Ahmad Hoorfar is a professor of electrical and computer engineering, the ECE department’s graduate chair, and the founder and director of Antenna Research Laboratory at Villanova University. He received his B.S. in electronics engineering from the University of Tehran and the M.S. and Ph.D. degrees in electrical engineering from the University of Colorado Boulder, His research contributions over the years have covered areas in electromagnetic field theory, numerical modeling and novel designs of multifunction printed and low-profile antennas, metamaterial media and surfaces, inverse scattering, microwave sensing and imaging, and stochastic optimization methods. He has been a pioneer in development and applications of evolutionary and global algorithms in electromagnetics, development of electromagnetic-based techniques for through-the-wall radar imaging (TWRI) and ground penetrating radar (GPR), compressive sensing applied to GPR and TWRI, and the use of the mathematical concept of space-filling curves in design of electrically small antennas, RFID tags, artificial magnetic conductors, and metasurfaces.

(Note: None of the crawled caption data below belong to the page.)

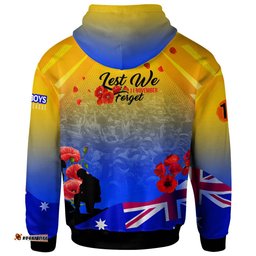 north queensland cowboys hoodie - custom north queensland cowboys remembrance day lest we forget poppies hoodie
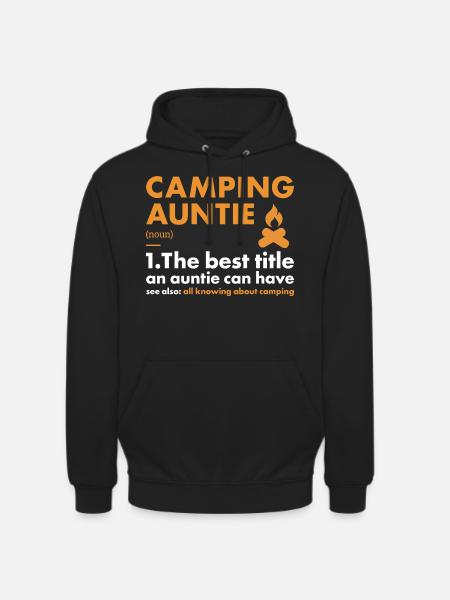 Camper Auntie Definition Camping - Unisex Hoodie - black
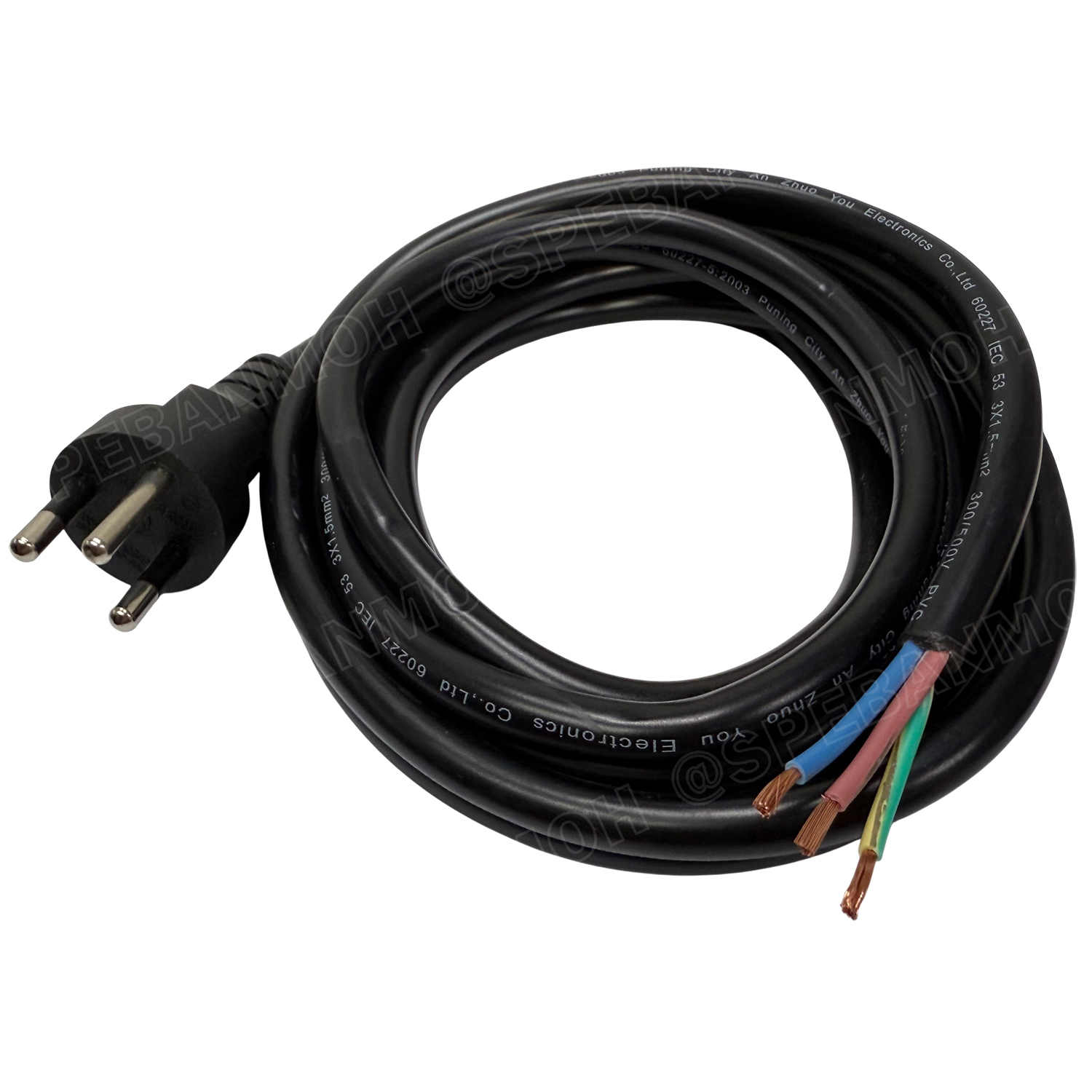 [ 1 ชิ้น ] GP-1633 สายไฟ AC Glink มาตรฐาน มอก. สายหล่อหัว 3x1.5sq.mm. 3ขา กลม Glink 16A 250V 3600W TIS สายปลั๊กไฟสำเร็จหล่อหัว สายปลั๊กไฟ GP1633 สายไฟหล่อหัวปลายเปลือย สายต่อปลั๊กไฟ สายต่อปลั๊กพ่วง ขากลม สายสำเร็จ Vct สายสำเร็จรูป มาตรฐาน มอก.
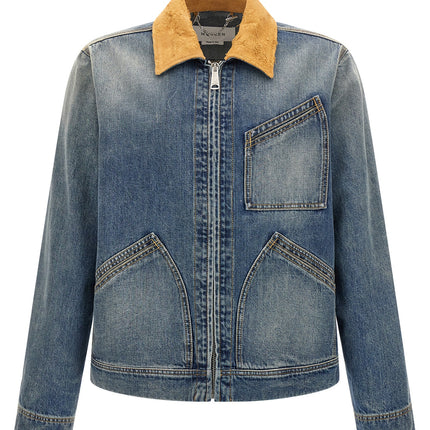 Alexander McQueen Blue Cotton Denim Jacket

Dr. Hoorfar was the recipient of Villanova University’s Outstanding Faculty Research Scholar Award in 2007, and the recipient of Philadelphia section’s ‘IEEE chapter of the year award’ for his leadership in chairing the AP/MTT joint chapter in 1995. His students have won top prizes in student best paper competitions at several IEEE and other international symposia, He was the general chair of the 12th and 13th Benjamin Franklin Symposia in Microwave and Antenna Technology held in 1994 and 1995, and co-organizer of the 22nd Antenna Measurement Technique Association (AMTA) Symposium in 2000, and on the organizing committee of 2003 and 2018 IEEE International Microwave Symposia held in Philadelphia. He has served on the review board of various IEEE and other technical publications on antennas, microwaves, and remote sensing in the last thirty years. He has also been on the technical program committees of numerous international symposia and conferences, including IEEE AP-S, IEEE MTT, IEEE Aerospace, IEEE Radio and Wireless, IEEE Radar Conference, International Union of Radio Science (URSI), and Progress in Electromagnetic Research symposia. He spent his sabbatical leave in 2002 and 2009 at NASA’s Jet Propulsion Laboratory (JPL) in Pasadena, California, where he contributed to the development of a general optimization code for design of feed horns for NASA’s deep space communication network.

Abstract

The concept of space–filling curves has been a subject of study in the mathematics literature since the late part of the 19th century. These curves are, in general, continuous mappings from a normalized one- dimensional interval [0,1] to a normalized two-dimensional region, [0,1]×[0,1] , and for each case the curve passes through every point in the 2-D region in the limit of infinite iteration order. The most widely used of these curves is ones proposed by G. Peano and David Hilbert in 1890 and 1891, respectively. From the electromagnetics, scattering, and antenna viewpoints the space-filling curves are very attractive since they offer a resonant structure that could have a very small footprint as one increases the step-order in iterative filling of a 2-D region. Space-filling curves, however, are a subset of much larger class of curves in Graph theory, called Grid-Graph Hamiltonian Paths (GG-HP) and Cycles (GG-HC).

In this lecture, the fundamental electrodynamics of Space-filling curves and Grid-Graph Hamiltonian Paths in terms of their scattering properties, polarizability, and multiband/wideband functionality, and their roles in development of low-profile, electrically small and reconfigurable antennas, metamaterials, and metasurfaces for antenna beam-shaping will be given. In particular, we describe use of the space-filling curve and Hamiltonian Path fractal elements in development of wideband but miniaturized top loaded monopoles, ultra-passive RFID tags, polarization insensitive high-impedance surfaces, electrically-thin microwave absorbers, SNG and DNG metamaterials, and metasurfaces with non-uniformly spaced inclusions for beam shaping of printed antennas. We will discuss salient features of these novel structures and will describe physical insights into the theoretical and measured results.

Reminder for all in-person attendees

Please only attend the event if you are feeling well; anyone feeling sick must stay home.